# `word2vec`
Feature extraction is done via `word2vec`. `word2vec` model is trained from scratch with both labeled and unlabeled train data.

Submission accuracy (average): `0.83104`  
Submission accuracy (clustering): `0.80764`

Download necessary NLTK files:
* `stopwords`: Stopwords Corpus
* `wordnet`: WordNet
* `punkt`: Punkt Tokenizer Models

In [1]:
%%script false
import nltk
nltk.download('stopwords')
nltk.download('wordnet')
nltk.donwload('punkt')

In [26]:
import numpy as np
import pandas as pd
import nltk
import re
from bs4 import BeautifulSoup
from nltk.corpus import stopwords
from gensim.models import word2vec
from sklearn.ensemble import RandomForestClassifier
from sklearn.cluster import KMeans
from os.path import join
from tqdm import tqdm

Since `word2vec` is unsupervised, we can use the unlabeled training data here.

In [2]:
src = 'data'
df_labeled_train = pd.read_csv(join(src, 'labeledTrainData.tsv'), sep='\t')
df_unlabeled_train = pd.read_csv(join(src, 'unlabeledTrainData.tsv'), sep='\t', quoting=3)
df_test = pd.read_csv(join(src, 'testData.tsv'), sep='\t')

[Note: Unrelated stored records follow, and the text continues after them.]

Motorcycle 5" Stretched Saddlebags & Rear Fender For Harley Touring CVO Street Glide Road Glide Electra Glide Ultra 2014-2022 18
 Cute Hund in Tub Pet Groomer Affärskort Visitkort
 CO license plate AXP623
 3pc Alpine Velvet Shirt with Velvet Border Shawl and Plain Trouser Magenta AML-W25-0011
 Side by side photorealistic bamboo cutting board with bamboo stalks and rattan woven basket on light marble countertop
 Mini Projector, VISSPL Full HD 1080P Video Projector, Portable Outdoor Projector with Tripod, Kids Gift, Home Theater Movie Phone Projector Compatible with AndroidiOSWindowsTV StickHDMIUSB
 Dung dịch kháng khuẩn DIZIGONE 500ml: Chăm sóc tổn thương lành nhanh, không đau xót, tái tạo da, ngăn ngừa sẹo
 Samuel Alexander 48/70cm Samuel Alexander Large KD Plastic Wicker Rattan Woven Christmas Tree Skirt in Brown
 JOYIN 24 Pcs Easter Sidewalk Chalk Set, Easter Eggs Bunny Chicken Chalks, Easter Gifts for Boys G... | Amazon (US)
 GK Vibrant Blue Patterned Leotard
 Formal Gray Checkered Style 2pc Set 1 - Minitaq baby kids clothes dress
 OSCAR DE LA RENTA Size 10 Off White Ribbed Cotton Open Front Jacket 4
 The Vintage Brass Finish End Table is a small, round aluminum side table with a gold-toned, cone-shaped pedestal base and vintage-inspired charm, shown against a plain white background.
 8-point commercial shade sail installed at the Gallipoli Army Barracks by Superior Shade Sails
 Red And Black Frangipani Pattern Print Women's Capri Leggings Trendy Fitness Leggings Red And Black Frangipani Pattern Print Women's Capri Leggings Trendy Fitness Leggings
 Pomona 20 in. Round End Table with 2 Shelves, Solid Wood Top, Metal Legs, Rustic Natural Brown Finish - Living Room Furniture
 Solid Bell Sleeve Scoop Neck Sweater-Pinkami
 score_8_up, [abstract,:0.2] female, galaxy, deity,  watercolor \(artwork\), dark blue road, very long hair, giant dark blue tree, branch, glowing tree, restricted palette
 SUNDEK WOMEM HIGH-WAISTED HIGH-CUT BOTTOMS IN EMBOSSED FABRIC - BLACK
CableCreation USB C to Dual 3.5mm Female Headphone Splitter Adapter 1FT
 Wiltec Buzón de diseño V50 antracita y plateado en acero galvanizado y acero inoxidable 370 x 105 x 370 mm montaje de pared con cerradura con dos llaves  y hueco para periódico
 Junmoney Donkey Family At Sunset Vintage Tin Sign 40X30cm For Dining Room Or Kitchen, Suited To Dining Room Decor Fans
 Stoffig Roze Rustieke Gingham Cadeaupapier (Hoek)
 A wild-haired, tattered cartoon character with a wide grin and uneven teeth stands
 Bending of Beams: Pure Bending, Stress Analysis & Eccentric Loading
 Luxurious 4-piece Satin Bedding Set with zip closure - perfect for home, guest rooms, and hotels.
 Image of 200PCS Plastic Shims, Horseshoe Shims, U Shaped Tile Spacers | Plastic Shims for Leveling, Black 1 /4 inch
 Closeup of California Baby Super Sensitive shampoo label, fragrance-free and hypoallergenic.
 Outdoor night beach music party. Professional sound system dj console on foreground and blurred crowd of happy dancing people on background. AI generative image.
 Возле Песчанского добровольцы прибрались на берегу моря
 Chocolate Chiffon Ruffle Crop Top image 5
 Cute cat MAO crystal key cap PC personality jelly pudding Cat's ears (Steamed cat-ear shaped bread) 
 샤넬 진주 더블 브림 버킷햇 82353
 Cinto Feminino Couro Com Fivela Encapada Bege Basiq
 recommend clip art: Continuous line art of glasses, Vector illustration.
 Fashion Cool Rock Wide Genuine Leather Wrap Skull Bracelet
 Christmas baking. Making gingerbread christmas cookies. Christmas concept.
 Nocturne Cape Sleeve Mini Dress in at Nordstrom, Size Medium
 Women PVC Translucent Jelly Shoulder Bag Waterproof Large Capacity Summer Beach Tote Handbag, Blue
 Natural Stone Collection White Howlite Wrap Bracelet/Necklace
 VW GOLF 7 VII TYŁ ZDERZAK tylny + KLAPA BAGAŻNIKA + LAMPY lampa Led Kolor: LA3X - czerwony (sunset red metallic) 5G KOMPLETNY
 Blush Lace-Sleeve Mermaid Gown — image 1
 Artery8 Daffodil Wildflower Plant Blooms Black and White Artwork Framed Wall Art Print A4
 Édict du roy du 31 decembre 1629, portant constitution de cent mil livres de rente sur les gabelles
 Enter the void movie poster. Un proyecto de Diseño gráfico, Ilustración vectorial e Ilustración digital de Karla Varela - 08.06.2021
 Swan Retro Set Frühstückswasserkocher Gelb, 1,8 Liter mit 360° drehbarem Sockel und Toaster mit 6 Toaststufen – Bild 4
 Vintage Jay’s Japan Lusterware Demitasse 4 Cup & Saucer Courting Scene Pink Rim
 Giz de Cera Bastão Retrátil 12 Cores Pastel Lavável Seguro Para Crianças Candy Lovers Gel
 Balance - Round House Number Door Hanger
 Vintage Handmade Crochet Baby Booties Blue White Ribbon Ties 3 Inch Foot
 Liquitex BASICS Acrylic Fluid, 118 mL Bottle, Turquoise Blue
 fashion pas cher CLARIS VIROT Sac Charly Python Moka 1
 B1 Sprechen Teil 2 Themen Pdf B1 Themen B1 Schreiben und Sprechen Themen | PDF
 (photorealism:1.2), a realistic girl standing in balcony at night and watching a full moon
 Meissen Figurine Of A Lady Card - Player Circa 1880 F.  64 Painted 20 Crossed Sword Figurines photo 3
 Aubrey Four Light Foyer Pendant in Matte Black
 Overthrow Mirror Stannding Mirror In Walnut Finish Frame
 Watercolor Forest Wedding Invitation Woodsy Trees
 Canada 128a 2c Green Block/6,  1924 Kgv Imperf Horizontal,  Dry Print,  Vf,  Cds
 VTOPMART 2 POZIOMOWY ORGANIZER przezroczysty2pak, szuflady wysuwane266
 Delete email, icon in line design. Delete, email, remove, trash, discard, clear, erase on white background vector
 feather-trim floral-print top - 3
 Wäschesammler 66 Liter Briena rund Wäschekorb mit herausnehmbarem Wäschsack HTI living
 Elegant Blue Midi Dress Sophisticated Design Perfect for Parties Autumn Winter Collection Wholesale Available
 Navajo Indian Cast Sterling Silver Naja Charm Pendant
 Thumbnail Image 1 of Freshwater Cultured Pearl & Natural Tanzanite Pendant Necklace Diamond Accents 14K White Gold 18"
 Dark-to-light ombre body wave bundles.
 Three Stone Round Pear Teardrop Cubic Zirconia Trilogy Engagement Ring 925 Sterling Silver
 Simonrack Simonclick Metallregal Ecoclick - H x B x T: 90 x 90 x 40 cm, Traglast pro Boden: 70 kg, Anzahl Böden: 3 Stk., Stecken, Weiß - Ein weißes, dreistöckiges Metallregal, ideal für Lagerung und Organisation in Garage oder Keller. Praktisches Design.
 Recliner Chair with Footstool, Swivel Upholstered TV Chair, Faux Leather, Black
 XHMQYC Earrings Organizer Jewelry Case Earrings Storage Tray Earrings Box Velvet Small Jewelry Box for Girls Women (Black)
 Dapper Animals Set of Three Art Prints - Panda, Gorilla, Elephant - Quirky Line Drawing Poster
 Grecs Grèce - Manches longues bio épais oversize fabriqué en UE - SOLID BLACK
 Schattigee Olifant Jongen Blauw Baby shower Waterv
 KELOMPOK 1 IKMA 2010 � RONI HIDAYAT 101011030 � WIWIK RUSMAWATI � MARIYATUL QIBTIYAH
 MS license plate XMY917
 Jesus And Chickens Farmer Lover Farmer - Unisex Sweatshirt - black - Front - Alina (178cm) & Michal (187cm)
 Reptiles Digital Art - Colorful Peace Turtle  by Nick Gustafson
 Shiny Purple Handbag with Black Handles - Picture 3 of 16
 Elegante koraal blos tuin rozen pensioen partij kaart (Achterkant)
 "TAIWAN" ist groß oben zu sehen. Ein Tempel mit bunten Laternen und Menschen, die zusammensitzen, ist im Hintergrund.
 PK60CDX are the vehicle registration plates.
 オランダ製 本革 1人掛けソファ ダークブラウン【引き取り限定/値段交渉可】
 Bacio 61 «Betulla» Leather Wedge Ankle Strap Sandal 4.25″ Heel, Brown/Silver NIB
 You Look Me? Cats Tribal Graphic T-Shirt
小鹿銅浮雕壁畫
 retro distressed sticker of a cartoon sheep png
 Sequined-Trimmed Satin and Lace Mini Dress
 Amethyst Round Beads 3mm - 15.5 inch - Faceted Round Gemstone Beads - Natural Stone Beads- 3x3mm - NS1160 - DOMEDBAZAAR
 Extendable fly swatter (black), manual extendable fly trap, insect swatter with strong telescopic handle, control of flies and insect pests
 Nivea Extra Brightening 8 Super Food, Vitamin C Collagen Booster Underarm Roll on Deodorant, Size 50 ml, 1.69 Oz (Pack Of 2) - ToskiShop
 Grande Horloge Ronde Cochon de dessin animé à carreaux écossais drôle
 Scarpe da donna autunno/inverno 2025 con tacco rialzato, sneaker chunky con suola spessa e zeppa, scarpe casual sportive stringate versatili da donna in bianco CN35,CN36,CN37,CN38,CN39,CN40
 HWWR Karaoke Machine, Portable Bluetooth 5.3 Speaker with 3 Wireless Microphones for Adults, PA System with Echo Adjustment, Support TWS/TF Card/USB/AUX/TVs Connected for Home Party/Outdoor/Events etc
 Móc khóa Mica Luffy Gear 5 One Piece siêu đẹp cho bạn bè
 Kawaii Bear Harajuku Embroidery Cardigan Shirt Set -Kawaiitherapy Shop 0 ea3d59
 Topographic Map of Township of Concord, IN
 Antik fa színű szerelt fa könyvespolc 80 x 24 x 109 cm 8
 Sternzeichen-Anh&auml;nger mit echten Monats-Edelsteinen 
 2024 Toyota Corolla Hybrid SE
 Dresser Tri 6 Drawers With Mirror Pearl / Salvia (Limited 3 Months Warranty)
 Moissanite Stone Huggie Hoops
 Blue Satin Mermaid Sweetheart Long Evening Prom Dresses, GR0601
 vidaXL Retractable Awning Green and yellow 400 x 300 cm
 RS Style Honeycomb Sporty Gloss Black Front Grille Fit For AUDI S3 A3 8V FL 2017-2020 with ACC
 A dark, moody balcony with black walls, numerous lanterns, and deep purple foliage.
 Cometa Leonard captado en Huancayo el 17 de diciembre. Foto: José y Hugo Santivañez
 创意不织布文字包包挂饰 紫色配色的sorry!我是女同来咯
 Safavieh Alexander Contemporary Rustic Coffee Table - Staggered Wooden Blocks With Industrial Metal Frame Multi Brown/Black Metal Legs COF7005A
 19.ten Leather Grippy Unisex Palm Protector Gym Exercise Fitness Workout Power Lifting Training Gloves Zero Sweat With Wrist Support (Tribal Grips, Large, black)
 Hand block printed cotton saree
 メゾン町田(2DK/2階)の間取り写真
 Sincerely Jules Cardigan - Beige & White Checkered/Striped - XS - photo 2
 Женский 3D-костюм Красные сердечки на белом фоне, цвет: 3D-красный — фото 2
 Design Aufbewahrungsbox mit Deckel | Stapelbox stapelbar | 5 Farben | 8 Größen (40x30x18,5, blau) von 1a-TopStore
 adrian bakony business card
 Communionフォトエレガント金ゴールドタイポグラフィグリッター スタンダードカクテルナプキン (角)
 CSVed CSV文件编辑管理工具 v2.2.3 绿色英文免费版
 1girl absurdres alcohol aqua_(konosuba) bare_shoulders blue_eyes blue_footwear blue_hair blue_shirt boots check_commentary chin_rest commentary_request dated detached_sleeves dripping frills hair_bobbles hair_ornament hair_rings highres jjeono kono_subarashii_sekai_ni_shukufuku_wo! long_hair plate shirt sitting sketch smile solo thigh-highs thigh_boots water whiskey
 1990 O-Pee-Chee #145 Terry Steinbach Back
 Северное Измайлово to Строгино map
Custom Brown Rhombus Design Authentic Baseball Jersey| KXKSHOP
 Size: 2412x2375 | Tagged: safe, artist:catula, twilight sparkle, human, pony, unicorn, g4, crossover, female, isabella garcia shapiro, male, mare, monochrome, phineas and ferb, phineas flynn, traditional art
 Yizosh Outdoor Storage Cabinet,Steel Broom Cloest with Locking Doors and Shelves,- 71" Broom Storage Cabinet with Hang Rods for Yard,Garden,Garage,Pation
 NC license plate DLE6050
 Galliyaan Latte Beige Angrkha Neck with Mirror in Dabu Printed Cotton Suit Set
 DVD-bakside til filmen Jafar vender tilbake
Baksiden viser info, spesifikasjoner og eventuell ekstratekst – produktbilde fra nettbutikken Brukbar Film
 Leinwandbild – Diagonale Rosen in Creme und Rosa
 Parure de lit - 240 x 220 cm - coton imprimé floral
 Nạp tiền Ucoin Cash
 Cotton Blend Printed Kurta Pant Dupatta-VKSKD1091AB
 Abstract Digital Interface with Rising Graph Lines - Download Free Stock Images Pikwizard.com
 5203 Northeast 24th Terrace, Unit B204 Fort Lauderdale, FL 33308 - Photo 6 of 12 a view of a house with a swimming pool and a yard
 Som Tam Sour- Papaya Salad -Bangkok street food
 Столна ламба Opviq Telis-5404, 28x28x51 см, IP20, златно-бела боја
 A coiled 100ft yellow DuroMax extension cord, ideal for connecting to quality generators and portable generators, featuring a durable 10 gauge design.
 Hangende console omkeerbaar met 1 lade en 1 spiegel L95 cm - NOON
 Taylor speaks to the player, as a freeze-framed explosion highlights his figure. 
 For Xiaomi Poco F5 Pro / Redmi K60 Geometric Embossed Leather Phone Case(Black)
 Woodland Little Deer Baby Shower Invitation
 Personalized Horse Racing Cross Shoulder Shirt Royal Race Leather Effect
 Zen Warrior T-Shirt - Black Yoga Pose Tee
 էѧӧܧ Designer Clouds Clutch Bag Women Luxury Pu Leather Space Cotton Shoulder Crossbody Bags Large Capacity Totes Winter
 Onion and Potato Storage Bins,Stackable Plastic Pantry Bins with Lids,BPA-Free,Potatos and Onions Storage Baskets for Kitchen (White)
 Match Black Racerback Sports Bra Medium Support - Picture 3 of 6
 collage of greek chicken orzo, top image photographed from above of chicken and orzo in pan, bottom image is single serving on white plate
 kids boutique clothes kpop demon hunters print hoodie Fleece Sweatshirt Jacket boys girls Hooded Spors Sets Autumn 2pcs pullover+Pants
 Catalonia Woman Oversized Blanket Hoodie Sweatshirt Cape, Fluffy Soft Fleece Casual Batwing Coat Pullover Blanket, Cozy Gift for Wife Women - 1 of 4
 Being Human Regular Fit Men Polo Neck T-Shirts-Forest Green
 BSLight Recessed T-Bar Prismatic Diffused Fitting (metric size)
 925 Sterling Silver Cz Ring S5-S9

df_labeled_train.shape, df_unlabeled_train.shape, df_test.shape

((25000, 3), (50000, 2), (25000, 2))

## Data cleaning
We clean the data similarly to how it was done previously. However, we avoid removing numbers and stop words. We also leave each sentence as a list of words, instead of an entire string.

In [41]:
stopwords = set(stopwords.words('english'))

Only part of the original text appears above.